– Blog by Jesse Anderson
In the beginning, there was Google. Google looked over the expanse of the growing internet and realized they’d need scalable systems. They created MapReduce and GFS in 2004. They published the papers for them in the same year.
Doug Cutting took those papers and created Apache Hadoop in 2005.
Cloudera was started in 2008, and HortonWorks started in 2011. They were the first companies to commercialize open source big data technologies and pushed the marketing and commercialization of Hadoop.
Hadoop was hard to program, and Apache Hive came along in 2010 to add SQL. Apache Pig in 2008 came too, but it didn’t ever see as much adoption.
With an immutable file system like HDFS, we needed scalable databases to read and write data randomly. Apache HBase came in 2007, and Apache Cassandra came in 2008. Along the way, there were various explosions of databases within a type, such as GPU, graph, JSON, column-oriented, MPP, and key value.
Hadoop didn’t support doing things in real-time, and Apache Storm was open sourced in 2011. It didn’t get wide adoption as it was a bit early for real-time, and the API was difficult to wield.
Apache Spark came in 2009 and gave a unified batch and streaming engine. It gained in usage and eventually displaced Hadoop.

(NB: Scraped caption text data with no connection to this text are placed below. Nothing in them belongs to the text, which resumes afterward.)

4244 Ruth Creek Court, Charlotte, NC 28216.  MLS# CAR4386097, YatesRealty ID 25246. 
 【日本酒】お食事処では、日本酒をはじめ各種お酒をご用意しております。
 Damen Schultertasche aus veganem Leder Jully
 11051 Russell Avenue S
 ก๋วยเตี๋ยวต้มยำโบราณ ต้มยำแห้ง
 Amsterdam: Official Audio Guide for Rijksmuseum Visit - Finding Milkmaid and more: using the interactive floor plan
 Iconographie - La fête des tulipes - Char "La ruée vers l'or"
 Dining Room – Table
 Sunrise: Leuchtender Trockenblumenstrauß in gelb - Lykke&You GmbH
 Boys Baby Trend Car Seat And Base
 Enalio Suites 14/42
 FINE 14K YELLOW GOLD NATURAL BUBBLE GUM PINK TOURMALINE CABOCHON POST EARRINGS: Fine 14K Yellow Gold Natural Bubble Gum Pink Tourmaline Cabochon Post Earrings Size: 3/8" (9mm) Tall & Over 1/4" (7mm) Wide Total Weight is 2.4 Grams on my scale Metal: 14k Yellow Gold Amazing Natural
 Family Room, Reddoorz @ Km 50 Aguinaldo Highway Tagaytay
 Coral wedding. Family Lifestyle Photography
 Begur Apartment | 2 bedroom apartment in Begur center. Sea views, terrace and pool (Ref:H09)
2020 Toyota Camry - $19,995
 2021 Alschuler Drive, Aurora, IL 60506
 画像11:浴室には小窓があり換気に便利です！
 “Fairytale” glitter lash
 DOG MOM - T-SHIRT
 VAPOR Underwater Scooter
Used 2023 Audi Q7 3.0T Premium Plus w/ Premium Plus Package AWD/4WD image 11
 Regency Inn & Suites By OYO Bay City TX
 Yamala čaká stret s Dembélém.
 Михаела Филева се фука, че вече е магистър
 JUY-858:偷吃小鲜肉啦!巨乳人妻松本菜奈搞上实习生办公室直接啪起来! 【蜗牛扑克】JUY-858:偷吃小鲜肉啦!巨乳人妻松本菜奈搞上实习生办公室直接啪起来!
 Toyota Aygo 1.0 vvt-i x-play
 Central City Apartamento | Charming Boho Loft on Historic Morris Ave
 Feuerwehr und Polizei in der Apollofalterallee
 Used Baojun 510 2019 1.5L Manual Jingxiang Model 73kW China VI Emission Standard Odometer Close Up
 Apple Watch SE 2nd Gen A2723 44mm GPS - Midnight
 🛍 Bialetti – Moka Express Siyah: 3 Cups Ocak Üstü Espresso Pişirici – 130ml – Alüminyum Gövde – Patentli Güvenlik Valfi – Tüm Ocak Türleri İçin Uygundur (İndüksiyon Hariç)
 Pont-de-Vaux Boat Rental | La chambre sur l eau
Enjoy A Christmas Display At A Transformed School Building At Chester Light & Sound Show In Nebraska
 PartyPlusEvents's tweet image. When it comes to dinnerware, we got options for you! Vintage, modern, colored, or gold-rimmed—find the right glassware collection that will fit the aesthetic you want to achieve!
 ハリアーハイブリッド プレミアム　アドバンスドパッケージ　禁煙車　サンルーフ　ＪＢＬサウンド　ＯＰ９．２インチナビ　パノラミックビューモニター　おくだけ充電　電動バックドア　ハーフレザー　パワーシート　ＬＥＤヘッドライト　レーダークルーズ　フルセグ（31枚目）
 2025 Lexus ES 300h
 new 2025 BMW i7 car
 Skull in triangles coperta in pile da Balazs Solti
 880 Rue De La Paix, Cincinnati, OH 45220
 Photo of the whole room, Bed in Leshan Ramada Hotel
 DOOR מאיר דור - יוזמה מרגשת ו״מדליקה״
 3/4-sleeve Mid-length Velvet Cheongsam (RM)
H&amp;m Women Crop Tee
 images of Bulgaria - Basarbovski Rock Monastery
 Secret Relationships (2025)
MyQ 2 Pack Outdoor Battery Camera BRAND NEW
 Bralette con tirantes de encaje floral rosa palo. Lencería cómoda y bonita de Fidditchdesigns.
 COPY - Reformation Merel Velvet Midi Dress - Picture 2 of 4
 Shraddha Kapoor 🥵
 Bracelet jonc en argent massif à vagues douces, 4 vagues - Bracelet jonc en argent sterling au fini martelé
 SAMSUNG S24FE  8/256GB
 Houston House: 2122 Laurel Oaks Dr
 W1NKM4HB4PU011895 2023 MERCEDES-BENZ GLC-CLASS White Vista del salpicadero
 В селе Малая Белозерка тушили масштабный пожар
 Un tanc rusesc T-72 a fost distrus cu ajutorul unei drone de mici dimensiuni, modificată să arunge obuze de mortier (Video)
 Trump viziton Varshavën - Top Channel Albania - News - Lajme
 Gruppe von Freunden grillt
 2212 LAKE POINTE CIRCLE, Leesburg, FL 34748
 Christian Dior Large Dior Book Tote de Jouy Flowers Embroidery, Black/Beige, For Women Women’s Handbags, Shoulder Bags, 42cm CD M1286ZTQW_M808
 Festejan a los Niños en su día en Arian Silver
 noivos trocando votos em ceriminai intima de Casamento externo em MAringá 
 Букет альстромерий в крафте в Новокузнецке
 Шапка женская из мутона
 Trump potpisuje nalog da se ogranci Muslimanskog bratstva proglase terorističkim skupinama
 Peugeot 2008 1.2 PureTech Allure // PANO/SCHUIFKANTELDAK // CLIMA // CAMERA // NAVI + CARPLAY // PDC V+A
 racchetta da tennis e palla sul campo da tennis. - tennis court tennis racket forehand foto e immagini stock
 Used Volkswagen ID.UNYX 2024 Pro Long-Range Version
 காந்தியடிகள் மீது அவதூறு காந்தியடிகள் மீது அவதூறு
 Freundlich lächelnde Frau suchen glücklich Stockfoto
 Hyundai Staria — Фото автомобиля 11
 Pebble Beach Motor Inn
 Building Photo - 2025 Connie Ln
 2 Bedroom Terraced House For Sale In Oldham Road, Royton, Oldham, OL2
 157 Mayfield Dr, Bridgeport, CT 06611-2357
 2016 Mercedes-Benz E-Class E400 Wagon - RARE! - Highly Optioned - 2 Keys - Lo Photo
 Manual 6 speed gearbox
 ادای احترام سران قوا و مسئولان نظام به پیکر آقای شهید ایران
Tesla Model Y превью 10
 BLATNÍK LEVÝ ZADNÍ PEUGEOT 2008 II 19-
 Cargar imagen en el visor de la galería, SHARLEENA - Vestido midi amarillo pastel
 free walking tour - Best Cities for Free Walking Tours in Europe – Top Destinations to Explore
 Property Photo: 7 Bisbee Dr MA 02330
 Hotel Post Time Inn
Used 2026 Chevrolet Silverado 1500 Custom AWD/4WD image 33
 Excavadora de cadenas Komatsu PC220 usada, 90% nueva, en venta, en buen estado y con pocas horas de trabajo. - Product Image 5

Apache Flink came in 2011 and gave us our first real streaming engine. It handled the stateful problems of real-time elegantly.
We lacked a scalable pub/sub system. Apache Kafka came in 2011 and gave the industry a much better way to move real-time data. Apache Kafka has its architectural limitations, and Apache Pulsar was released in 2016.
The first big conferences were Strata and Hadoop World that started in in 2012. They eventually merged in 2012. It was the place where the brightest big data minds came and spoke. It was shepherded well by Ben Lorica, Doug Cutting, and Alistair Croll.
There was (and still is) an overall problem in the industry because most projects failed to get into production. Some people blamed the technologies. The technologies more or less work well. Big data projects were given to data scientists and data warehouse teams, where the projects subsequently failed. As clearly evident as that sounds now, my writing about needing data engineering went heavily against the grain of everything that was written at the time.
DJ Patil coined the term Data Scientist in 2008. For the majority of companies, that was the only title working on data problems at scale. Honorable mentions to Paco Nathan, John Thompson, and Tom Davenport who wrote about data science and analytic team management.
Google’s 2015 paper Hidden Technical Debt in Machine Learning Systems highlighted the fact that machine learning isn’t just the creation of models. It is prominently data engineering and all of the technical debt difficulties that come with data.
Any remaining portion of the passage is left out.